**What needs to be done:**
Only the lines below between the one holding "Turbina motore entrobordo" and the one holding "12 Tibbits Street, Bundamba QLD 4304", inclusive, are to be reproduced word for word; the pictures are to be left out.

**Data records:**
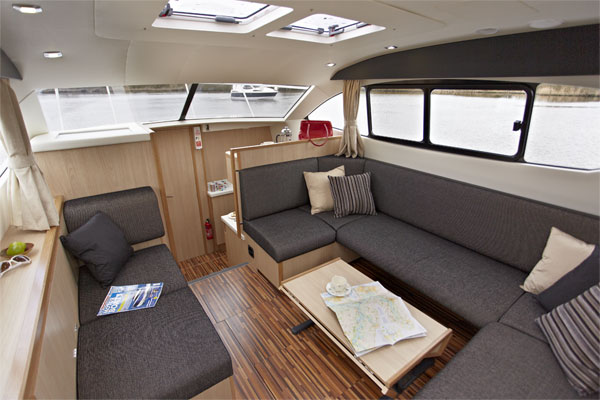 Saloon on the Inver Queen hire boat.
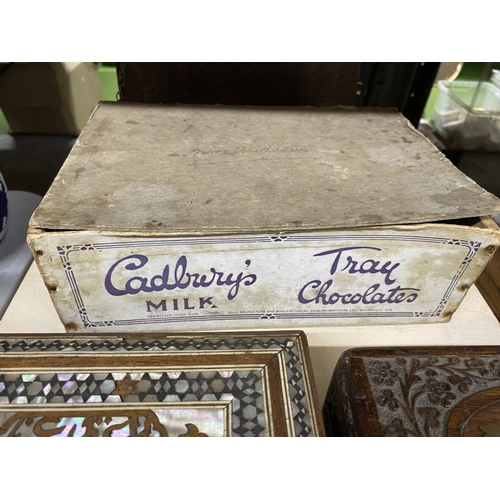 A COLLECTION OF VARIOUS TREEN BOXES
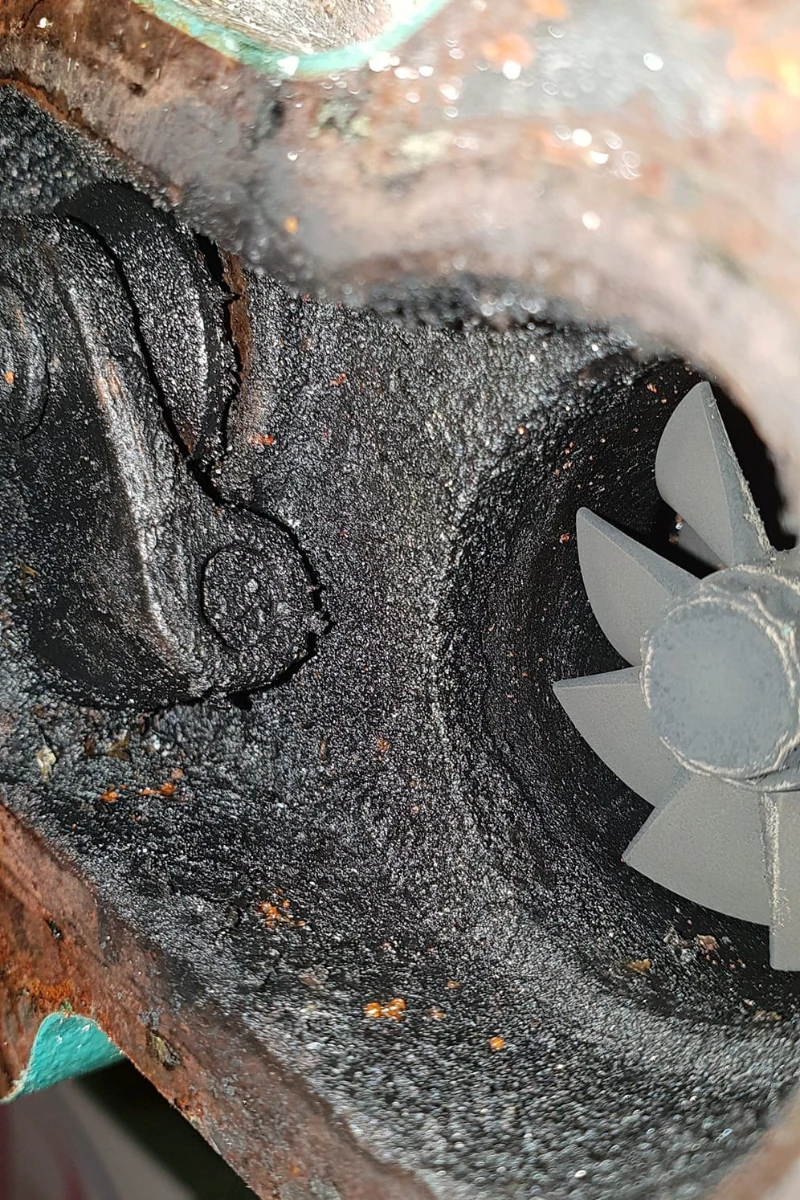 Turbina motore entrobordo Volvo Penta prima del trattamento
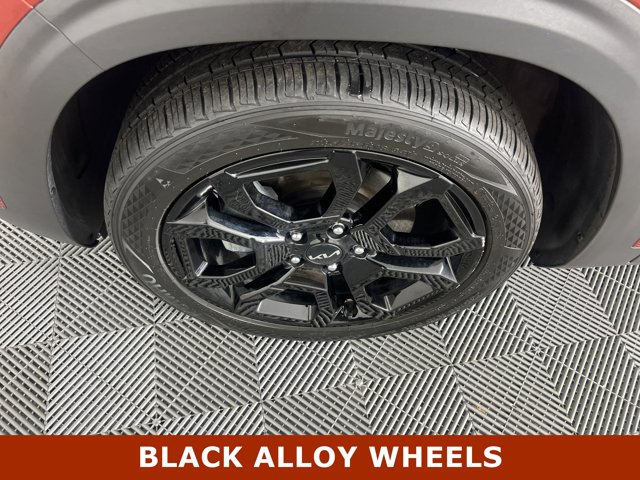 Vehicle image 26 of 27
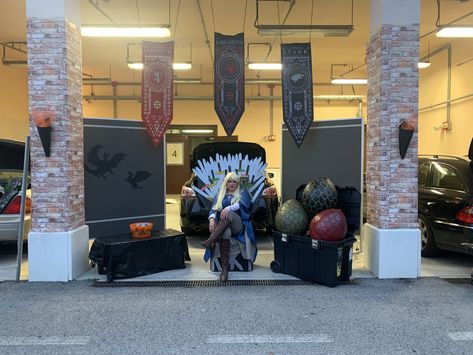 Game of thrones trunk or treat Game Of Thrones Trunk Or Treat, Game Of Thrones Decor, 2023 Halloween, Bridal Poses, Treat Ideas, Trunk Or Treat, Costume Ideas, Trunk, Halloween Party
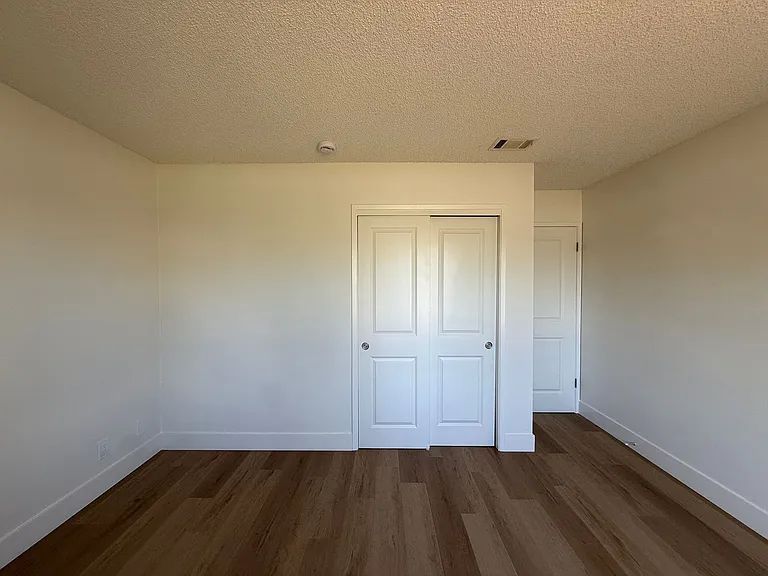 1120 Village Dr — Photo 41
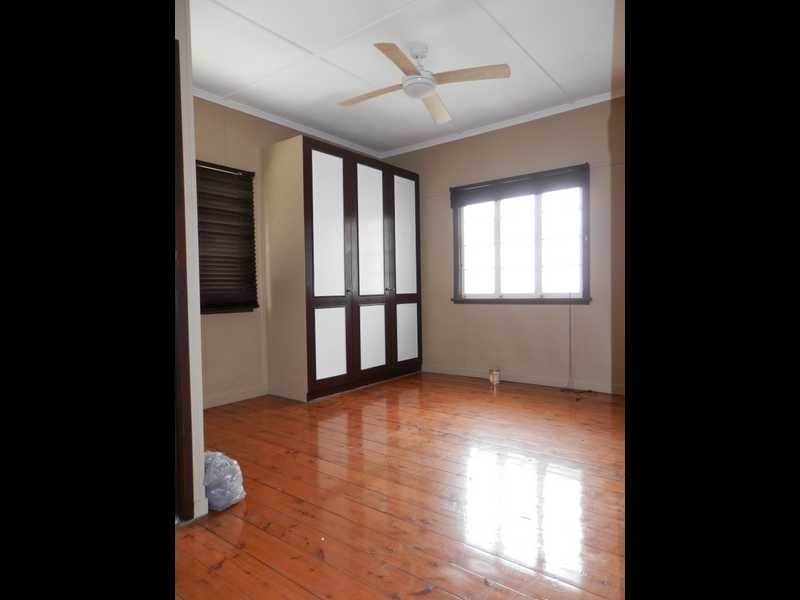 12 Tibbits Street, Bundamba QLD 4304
==
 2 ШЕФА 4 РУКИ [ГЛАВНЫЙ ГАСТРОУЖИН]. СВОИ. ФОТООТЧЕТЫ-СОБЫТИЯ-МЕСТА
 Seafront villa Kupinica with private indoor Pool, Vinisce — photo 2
==
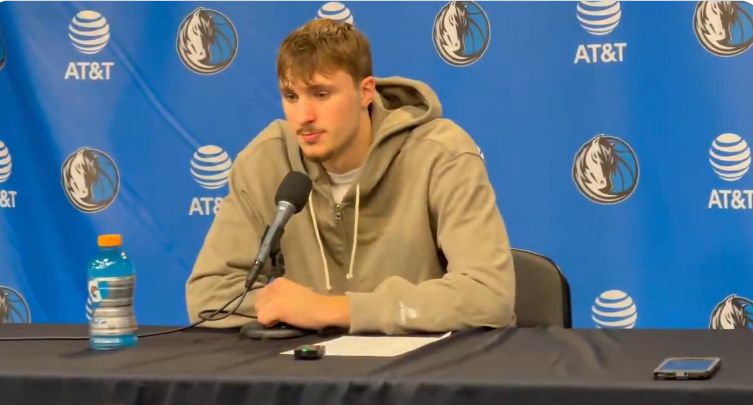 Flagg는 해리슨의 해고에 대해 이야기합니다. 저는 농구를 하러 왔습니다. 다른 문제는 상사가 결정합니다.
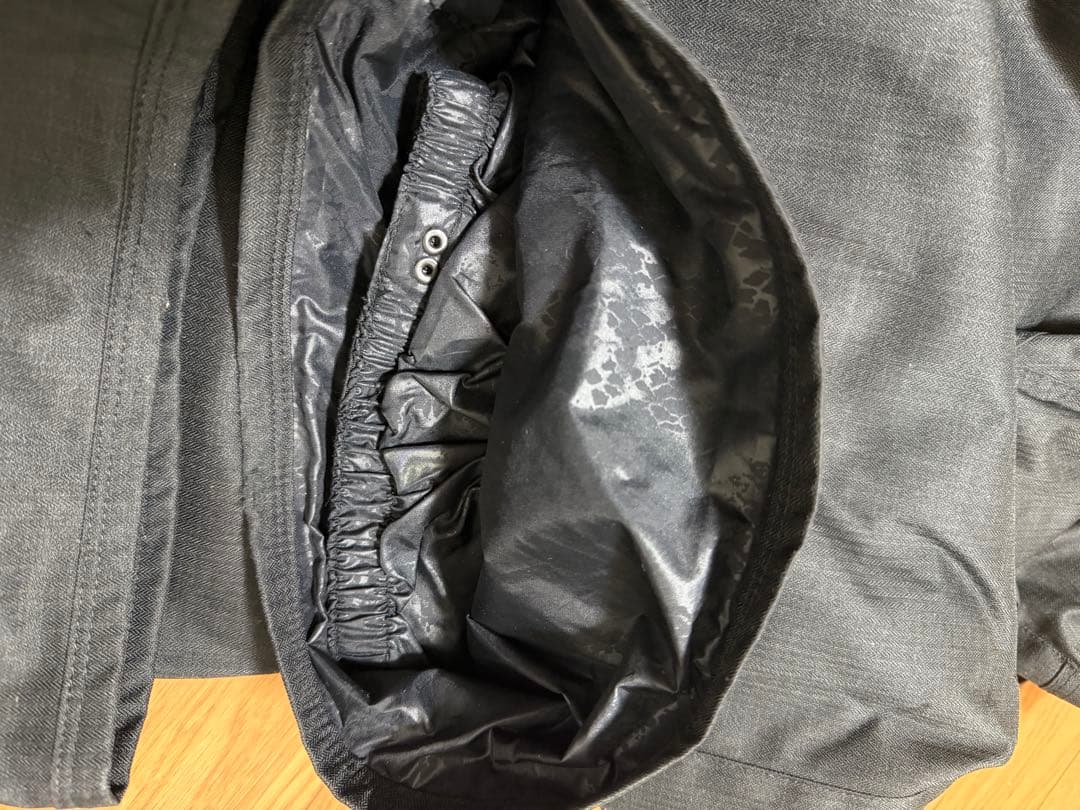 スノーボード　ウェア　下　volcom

**Solution to the exercise:**
 Turbina motore entrobordo Volvo Penta prima del trattamento
 Vehicle image 26 of 27
 Game of thrones trunk or treat Game Of Thrones Trunk Or Treat, Game Of Thrones Decor, 2023 Halloween, Bridal Poses, Treat Ideas, Trunk Or Treat, Costume Ideas, Trunk, Halloween Party
 1120 Village Dr — Photo 41
 12 Tibbits Street, Bundamba QLD 4304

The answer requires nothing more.